The evidentiary hearing now set for February 17, 2010 is an acceptable use of this power as it is necessary and appropriate in aid of the Court’s jurisdiction, specifically its authority to detain persons charged with federal crimes and to prevent unauthorized contacts with those detainees.
The purpose of the evidentiary hearing is to discover and record the existence, or non-existence, of prejudice to the Government’s case. It will also serve to disclose and record the existence, or non-existence, of prejudice to defendant Cheng’s due process and/or civil rights. In short, it will either provide a clean record upon which the prosecution of Cheng may proceed without obstacle, or it will provide a basis for motions or actions brought by Cheng. As of the date of this filing, there is no evidence on the record – only unsupported assertions of counsel. There is no testimony, no sworn statements, no physical evidence. The Government believes an evidentiary hearing is an appropriately cautious measure to make such a record.
Granted, information revealed during the evidentiary hearing may conceivably prompt the Court, the Government, or an interested third-party, to initiate contempt proceedings. Such proceedings may be criminal in nature, to vindicate disobedience to the Court’s lawful order, or civil, to compel obedience to its orders going forward. In either case, witness Aldan’s concerns regarding judicial involvement in a criminal investigation are not relevant. Indeed, in contempt proceedings it is the judiciary that requests appointment of government attorneys (or outside counsel if the interests of justice require) to prosecute in aid of enforcing judicial orders. Fed. R. Crim. P. 42(a)(2). Nor do protections afforded by a grand jury necessarily apply to contempt proceedings. United States v. Marthaler, 571 F.2d 1104, 1105 (9th Cir. 1978). Importantly, however, in either an evidentiary hearing or a contempt proceeding, the witnesses will have the Fifth Amendment’s protection against self incrimination.

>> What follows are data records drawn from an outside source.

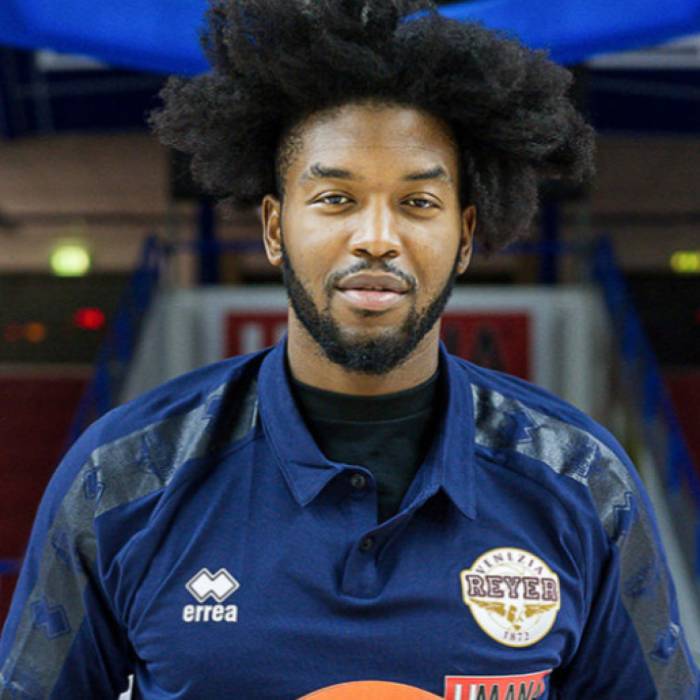 Photo of Julyan Stone, 2018-2019 season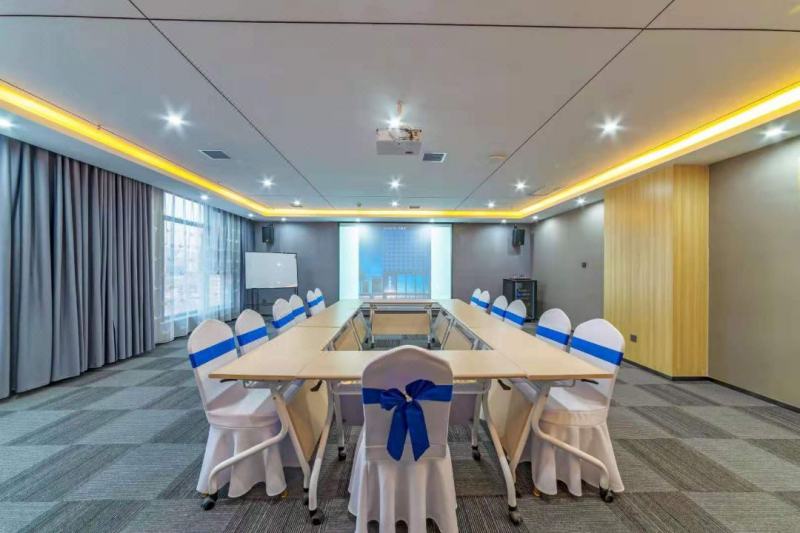 20230718/64b618cff3df9.jpg 會議桌椅.jpg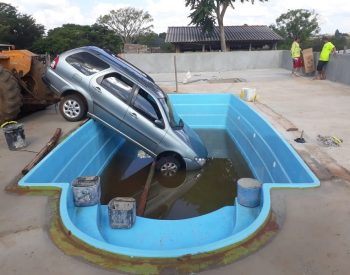 Carro cai dentro de piscina após criança de 2 anos dar partida — Foto: Luis Eduardo Vanzeli/Arquivo pessoal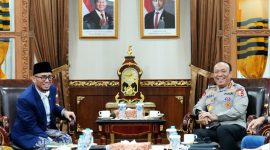 Wakapolri Komjen Pol. Prof. Dr. Dedi Prasetyo, S.H., M.Hum., M.Si., M.M.   dan Wakil Menteri Haji dan Umrah RI Dahnil Anzar Simanjuntak di Mabes Polri, Jakarta, Kamis (30/4/2026).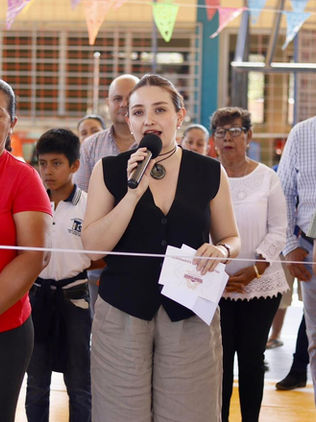 Valeria Rosales entrega domo deportivo en Calzada Larga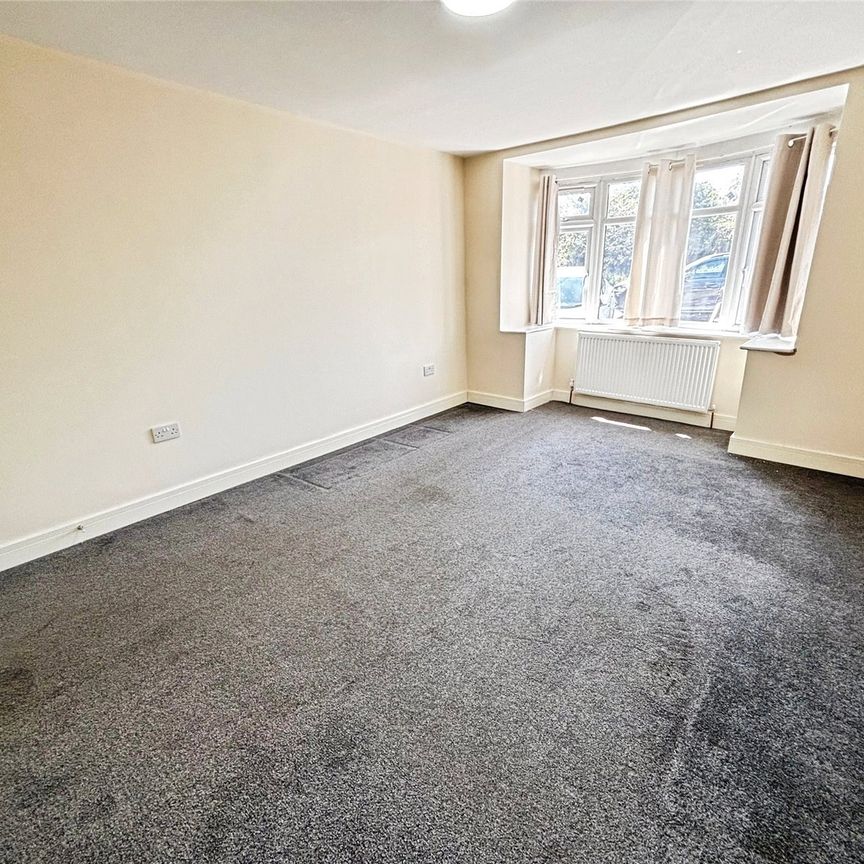 Thorney Mill Road, Iver, Buckinghamshire, SL0 - Photo 1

The response requests that the motion to vacate the evidentiary hearing and quash subpoenas be denied.
I assume that the Court could, and hopefully will, find those involved in removing a prisoner against the Court's order of jailing the prisoner without bail, in contempt. If the incident is determined to have violated federal law, hopefully criminal charges will be brought to hold those involved accountable, and to set an example to the community that laws are meant to be followed. To date no apology or statement of acceptance that the incident was a breach of public trust or abuse of office has been issued.
One of the arresting officers who asked not to be identified, said Qingmei Cheng, the 28-year-old masseuse at YuYu Spa, was booked for solicitation of customers sometime between March and June 2009.

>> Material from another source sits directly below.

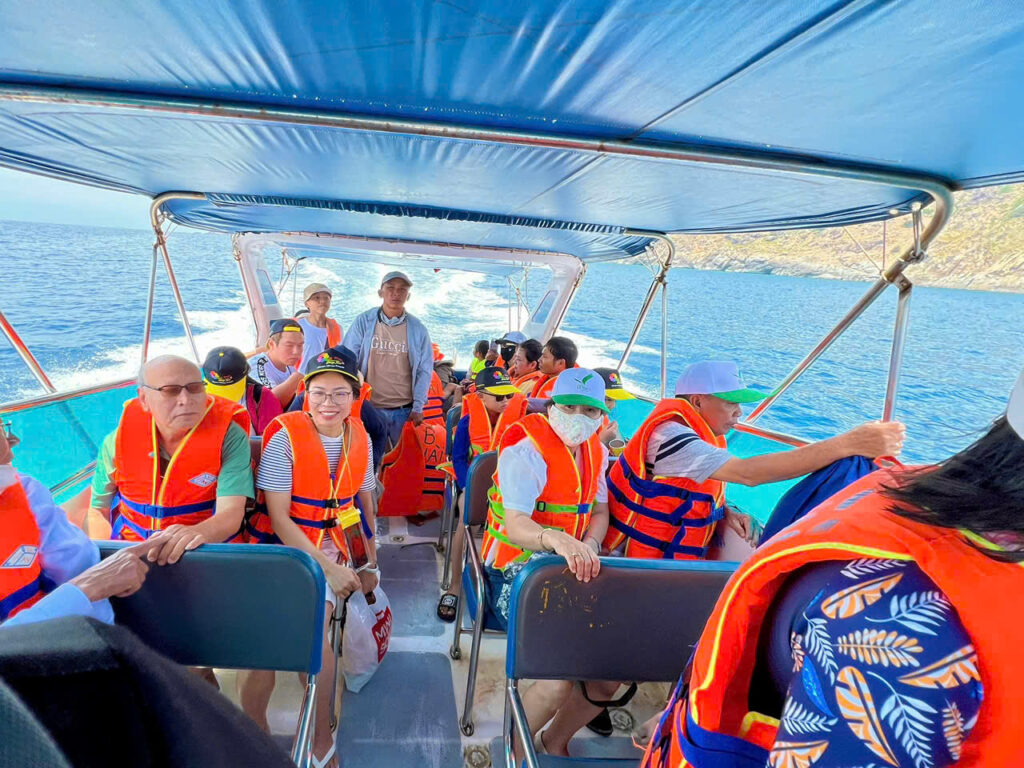 Tour Ghép Đảo Hòn Khô bằng cano cao tốc - Tour Hải Giang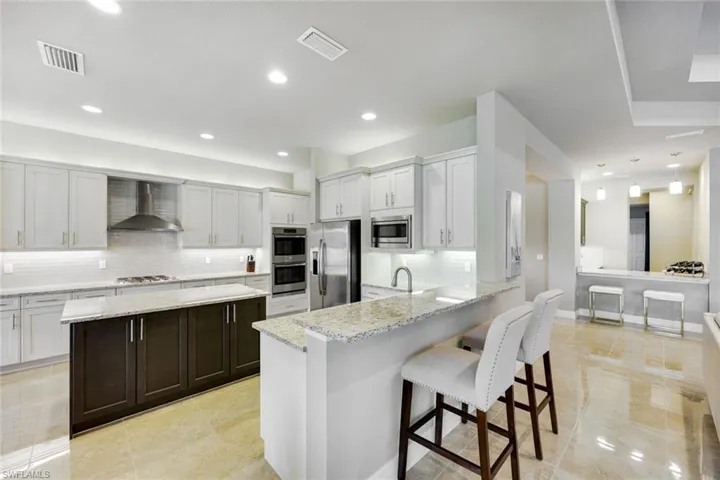 Light and Open Natural Gas Kitchen with Eat in Bar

The source said Cheng was ordered released even before she could be brought to the police station for questioning.
“It’s frustrating for politics to come into [our line of work]. One phone call and she was released even before she could be interviewed by an investigator. We were told she was going to massage the governor,” the source said.

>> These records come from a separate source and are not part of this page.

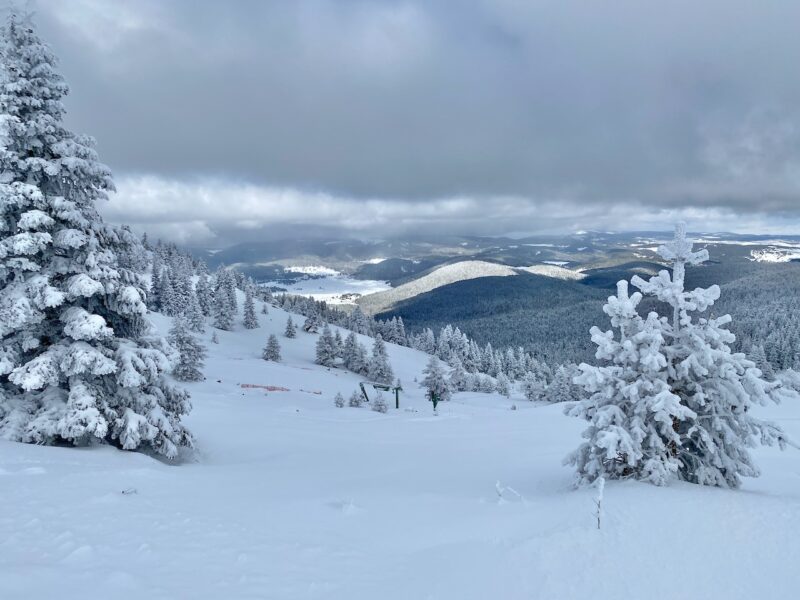 Skiing in Turkey. Image © PlanetSKI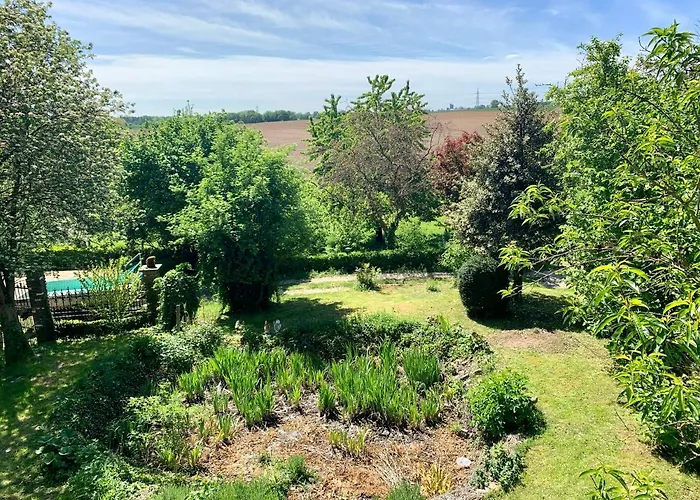 度假居 新居纳斯度假屋 *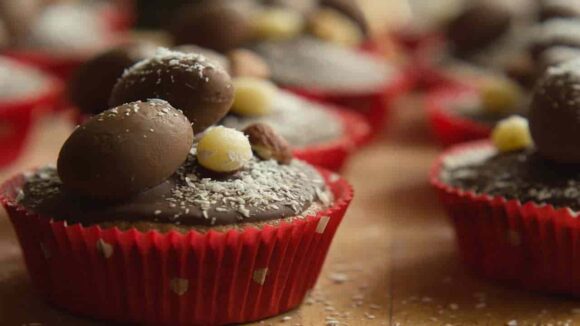 Receita para preparar uns muffins de chocolate rápido e fácil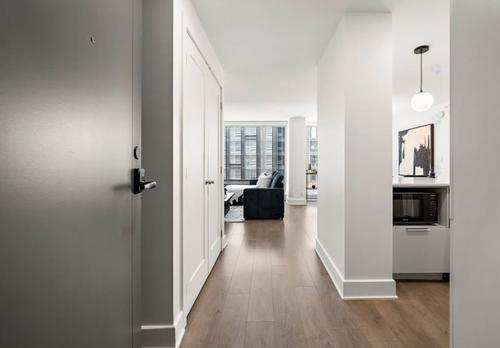 2 bedrooms apartment for rent in Montreal - Ville-Marie — photo 9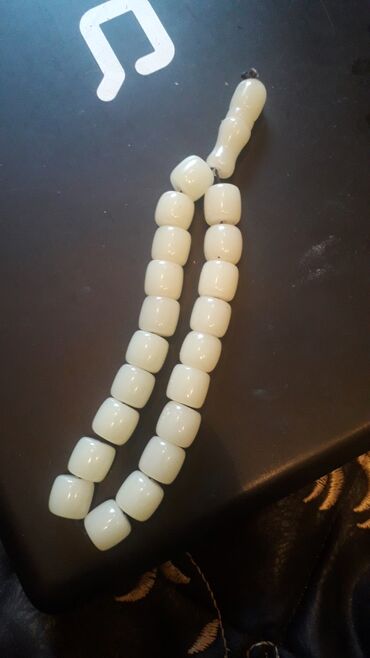 beş qaş üzüklər: Məhsul: Təsbeh - Material: Açıqağ rəngli, parlaq səthli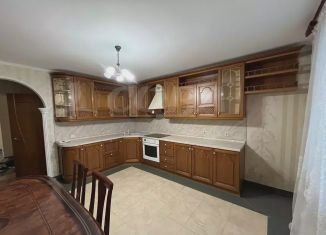 Продается 3-комнатная квартира, 117 м2, Тюмень, Депутатская улица, 80к1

Cheng’s arrest for solicitation should have been recorded by the Department of Corrections but the source said he wouldn’t be surprised if the incident was expunged from official documents.The comments made by Commissioner Aldan to the Saipan Tribune yesterday indicate that she may not be capable of making sound decisions regarding the operations of the jail. The fact that her husband is given furlough is questionable. I am surprised that the AG didn't ask her to remain silent. Her remarks and flippant attitude appear to have only damaged her further.